# DIRECTIONS FOR THIS TASK:
No pictures, please. Copy exactly the lines from the one with "Thankful T-Shirt, Gratitude" through the final line below.

INPUT Start Marker

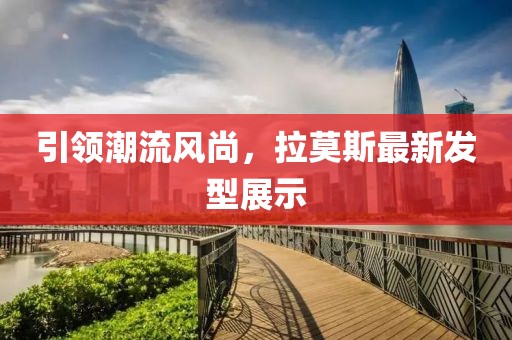 引领潮流风尚，拉莫斯最新发型展示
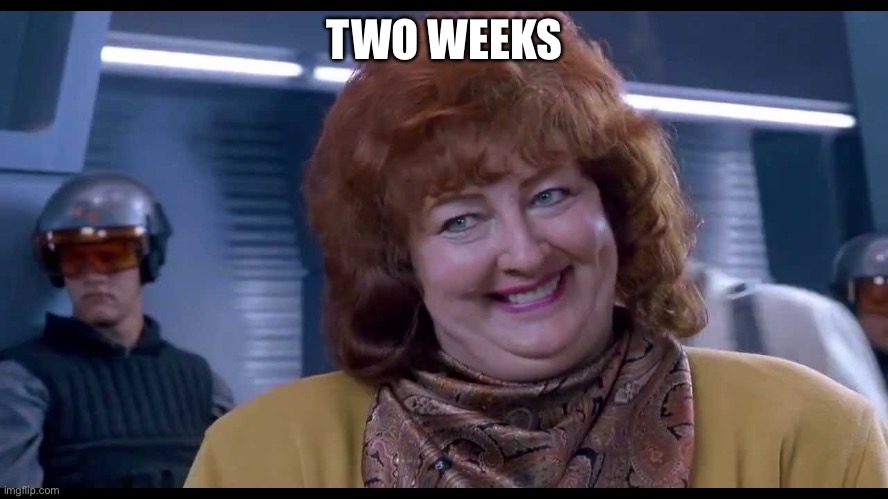 Two | TWO WEEKS | image tagged in 2 weeks | made w/ Imgflip meme maker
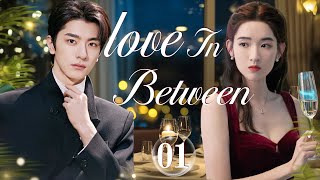 【ENG SUB】Love in between EP01  The fight between the CEO and his exgirlfriend  Wang YuwenLin Yi [upl. by Stroud]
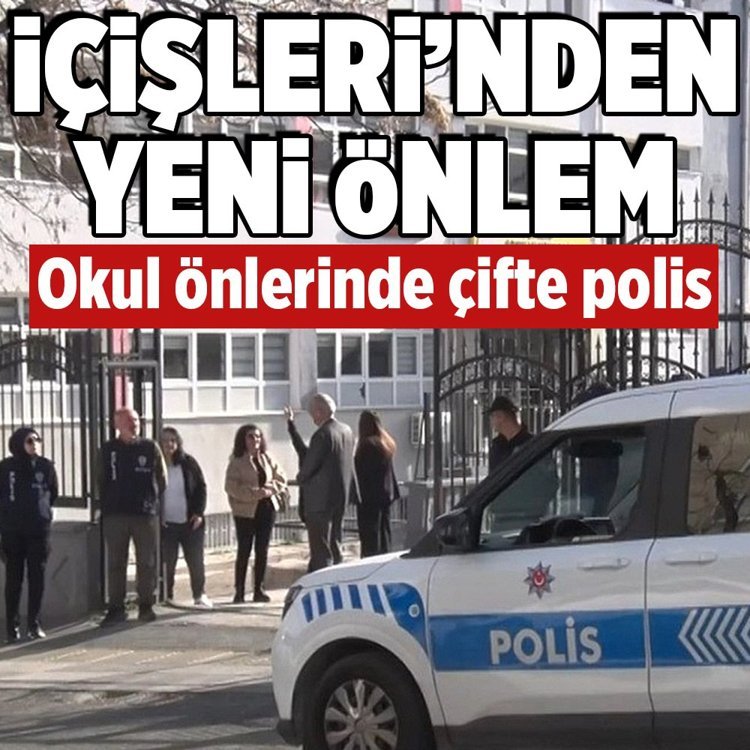 İçişleri’nden yeni önlem! Okul önlerinde çifte polis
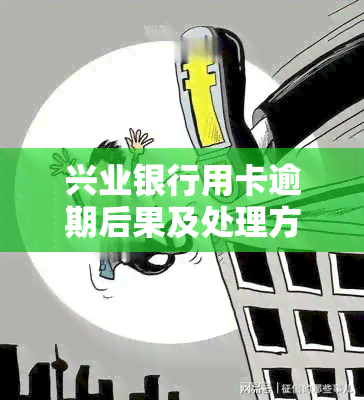 兴业银行用卡逾期后果及处理方法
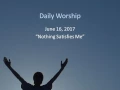 DSW 2017-06-18 "Nothing Satisfies Me"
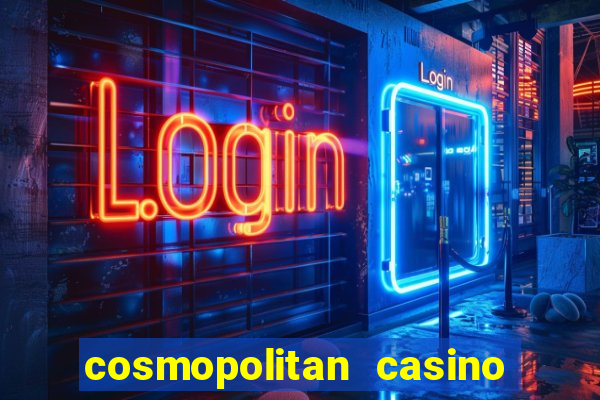 cosmopolitan casino las vegas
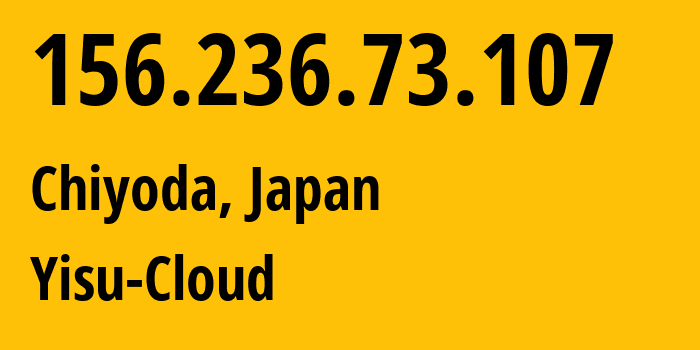 IP address 156.236.73.107 (Chiyoda, Tokyo, Japan) get location, coordinates on map, ISP provider AS138152 Yisu-Cloud // who is provider of ip address 156.236.73.107, whose IP address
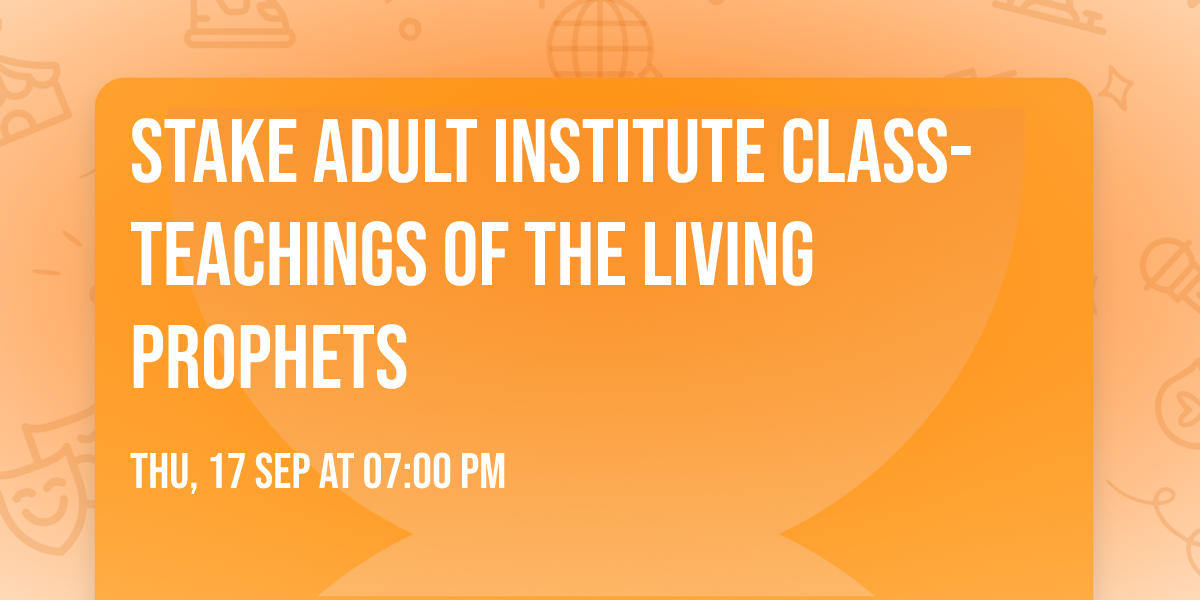 Stake Adult Institute Class- Teachings of the Living Prophets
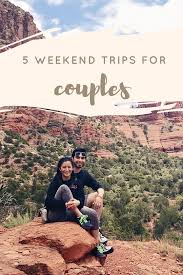 5 Weekend Trips For Couples Travel Couplestrip Weekendgetaway Weekend Getaways For Couples Long Weekend Trips Cheap Weekend Getaways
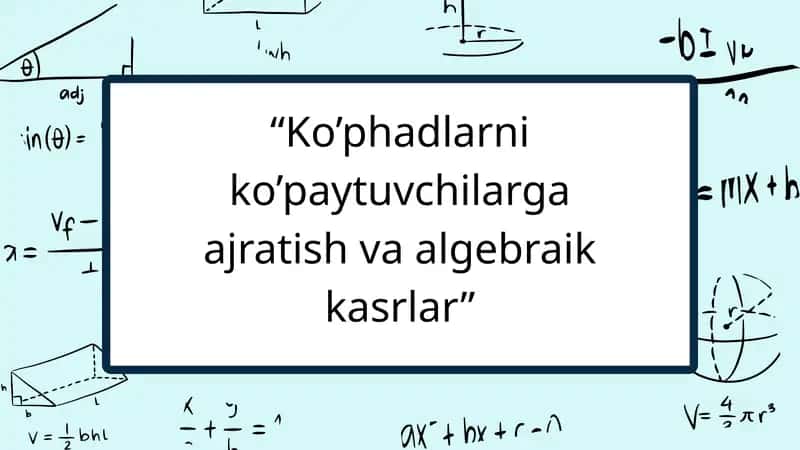 koʻphadlarni koʻpaytuvchilarga ajratish va algebraik kasrlar
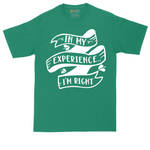 In My Experience I'm Right | Mens Tall T-Shirt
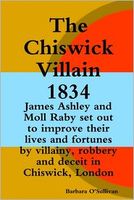 The Chiswick Villain 1834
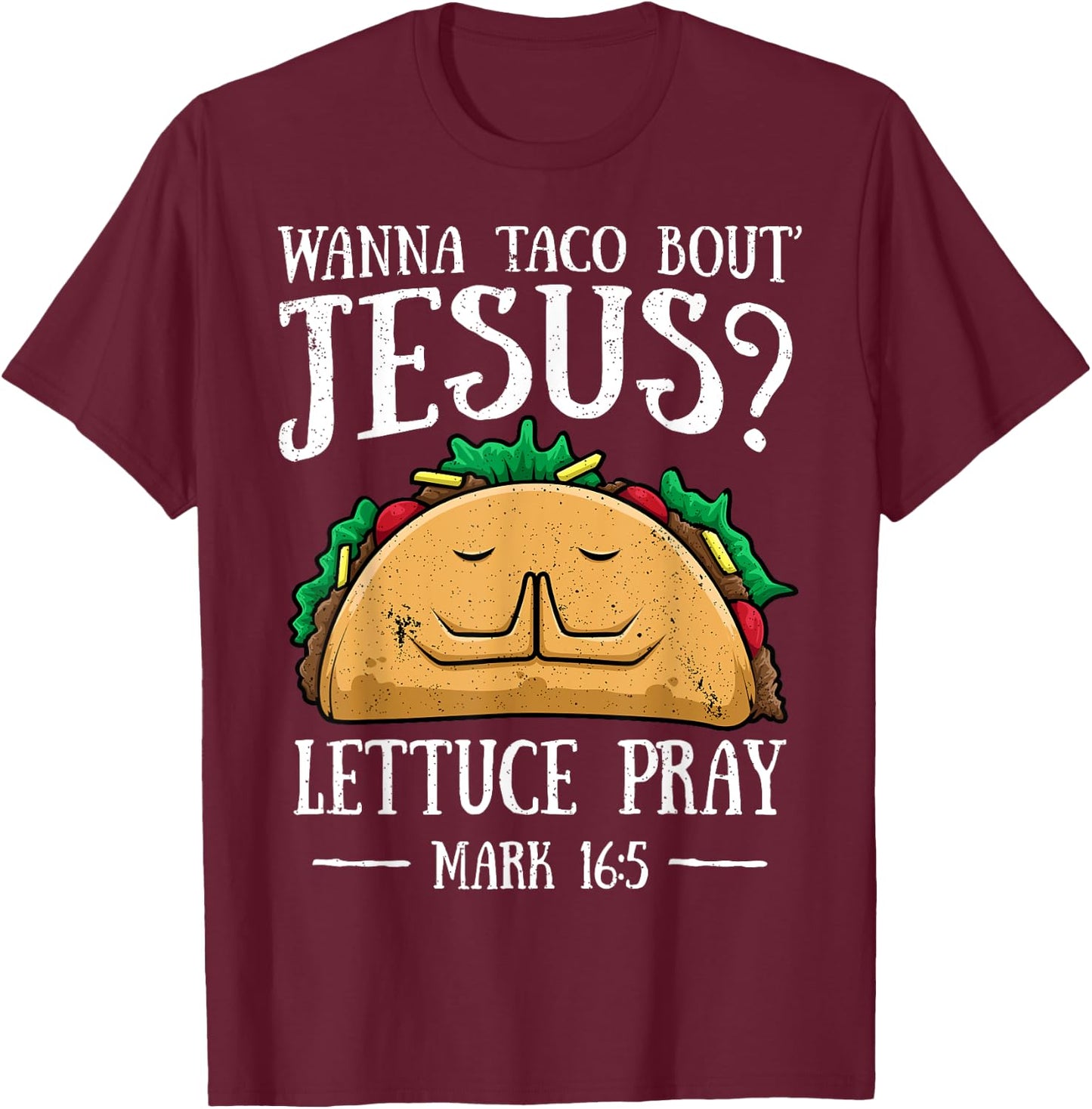 Wanna Taco Bout Jesus Lettuce Pray Cinco de Mayo Christian T-Shirt - T-Shirt | Maroon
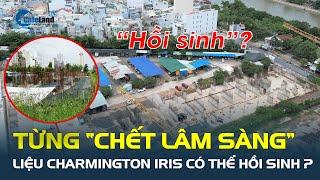 Mở bán rầm rộ rồi “chết lâm sàng”, liệu dự án Charmington Iris có thể hồi sinh?| CafeLand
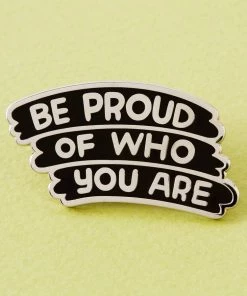 Punky Pins Be Proud Of Who You Are Enamel Pin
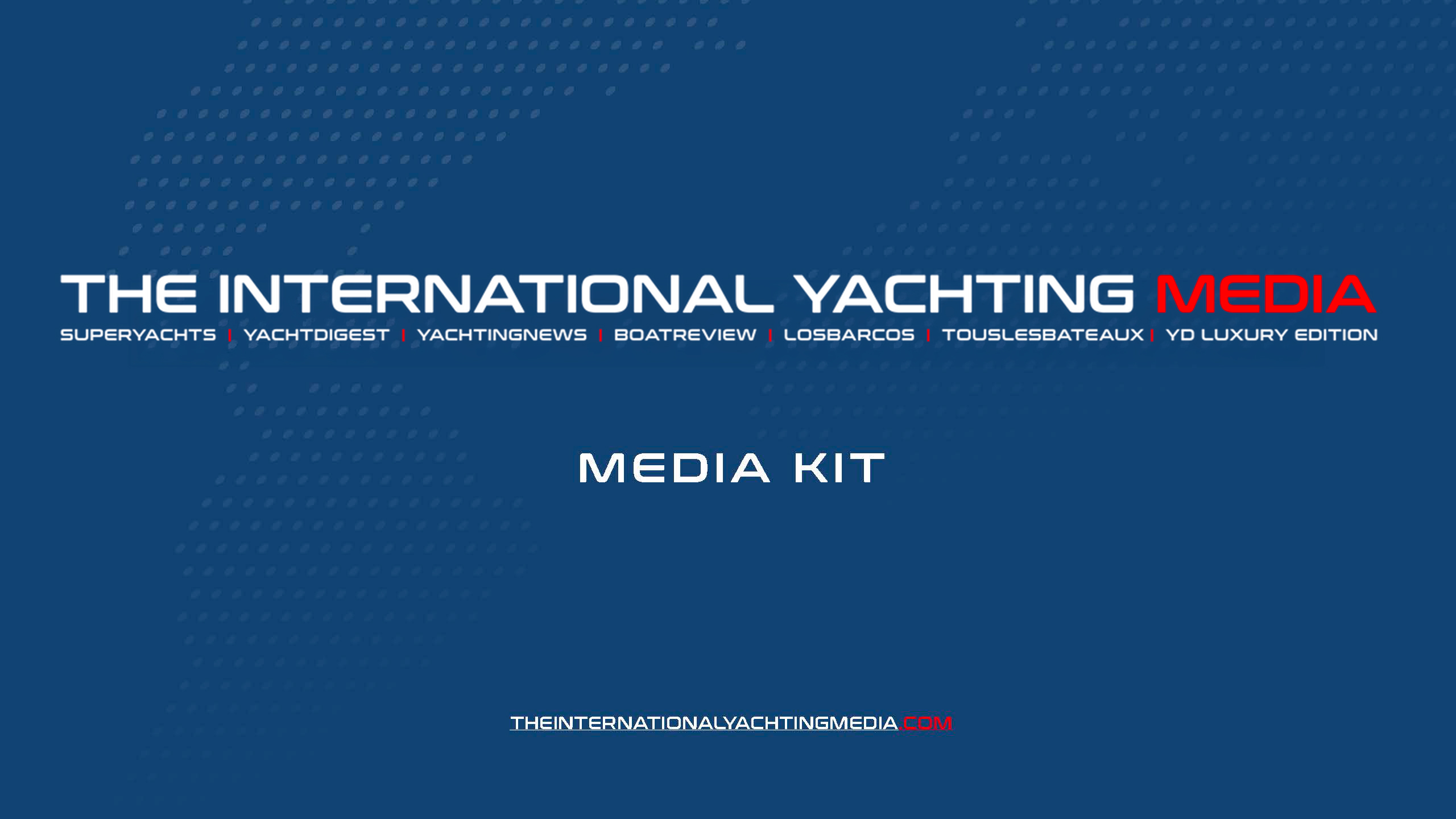 Media Kit Cover - The International Yachting Media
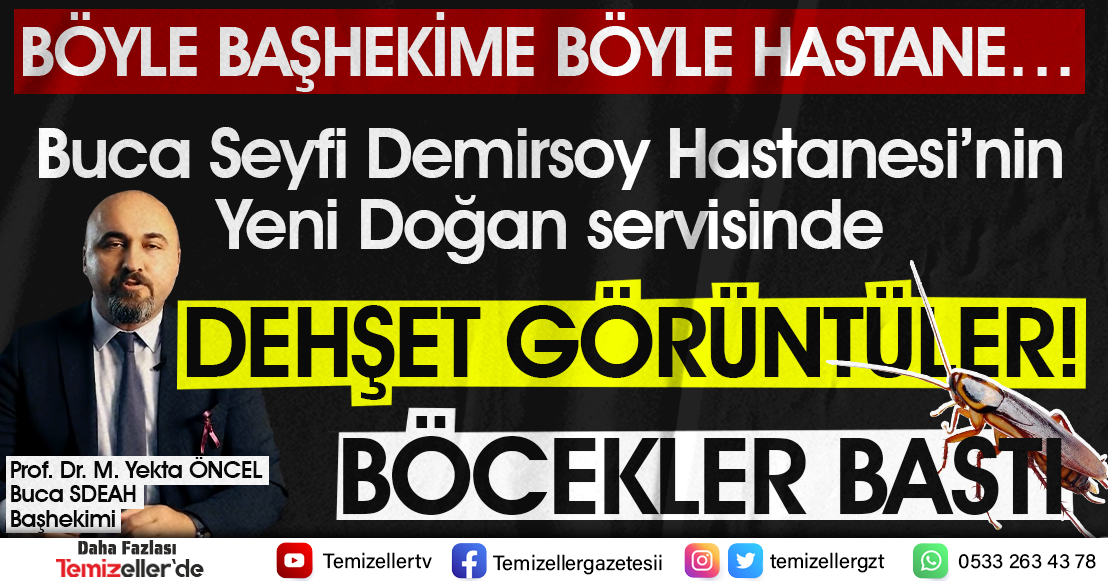 BUCA SEYFİ DEMİRSOY HASTANESİNİ BÖCEKLER BASTI!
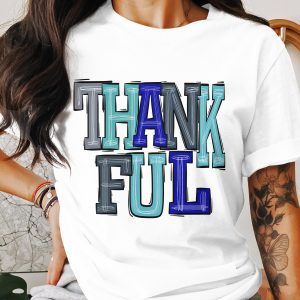 Thankful T-Shirt, Gratitude Tee, Thanksgiving Shirt, Thankful Graphic Shirt, Fall Season T-Shirt, Holiday Gift, Blue Letters T Shirt, Casual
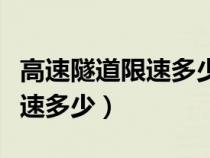 高速隧道限速多少公里（高速公路隧道一般限速多少）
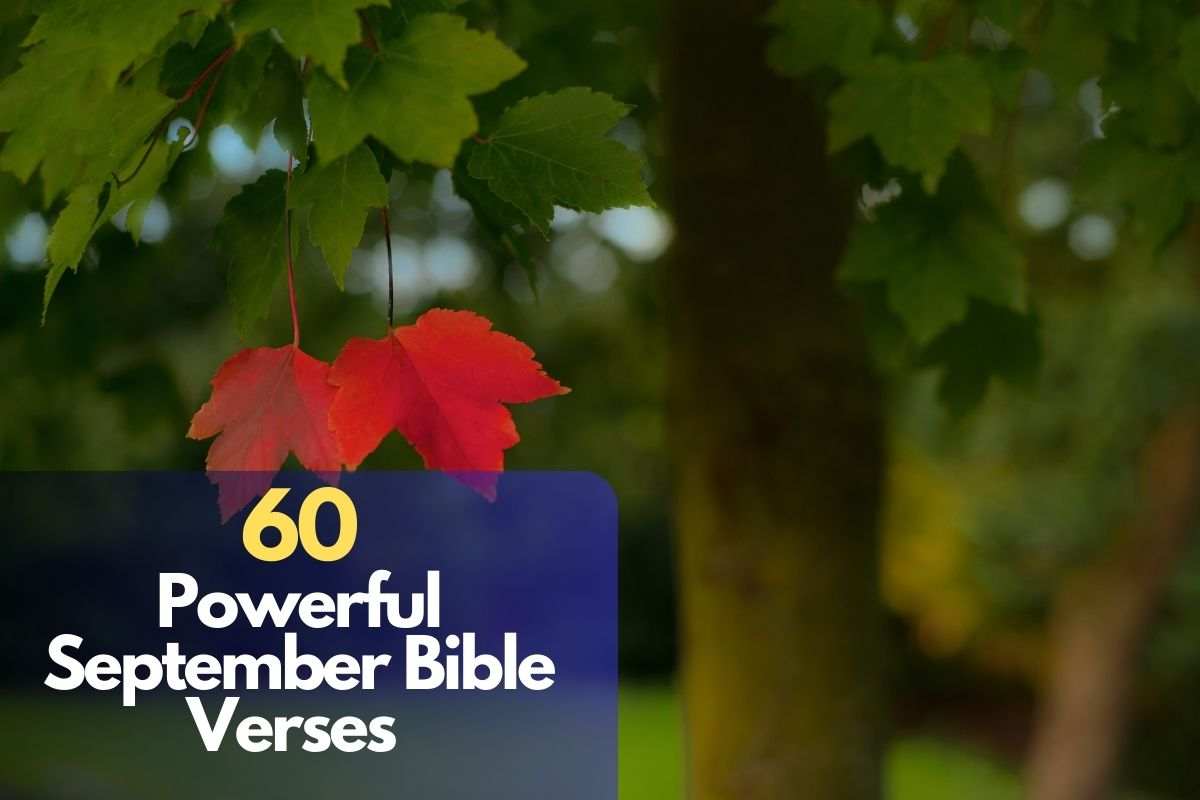 60 Powerful September Bible Verses
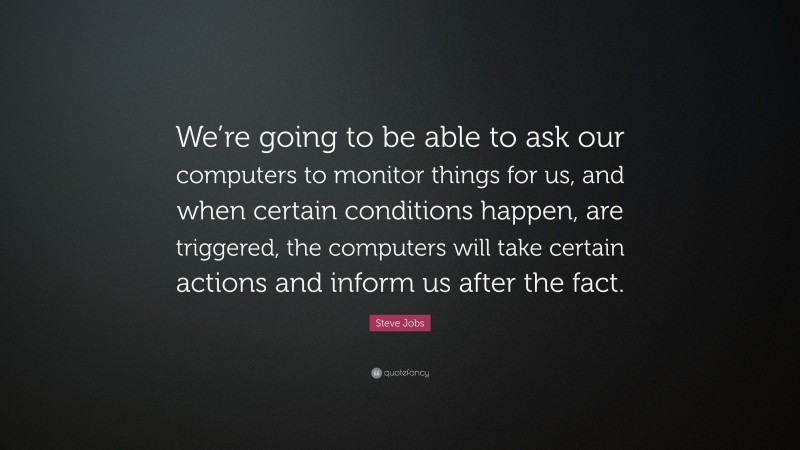 Steve Jobs Quote: “We’re going to be able to ask our computers to monitor things for us, and when certain conditions happen, are triggered, the computers will take certain actions and inform us after the fact.”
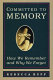 Committed to memory : how we remember and why we forget /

INPUT End Marker

# ANSWER SECTION:
 Thankful T-Shirt, Gratitude Tee, Thanksgiving Shirt, Thankful Graphic Shirt, Fall Season T-Shirt, Holiday Gift, Blue Letters T Shirt, Casual
 高速隧道限速多少公里（高速公路隧道一般限速多少）
 60 Powerful September Bible Verses
 Steve Jobs Quote: “We’re going to be able to ask our computers to monitor things for us, and when certain conditions happen, are triggered, the computers will take certain actions and inform us after the fact.”
 Committed to memory : how we remember and why we forget /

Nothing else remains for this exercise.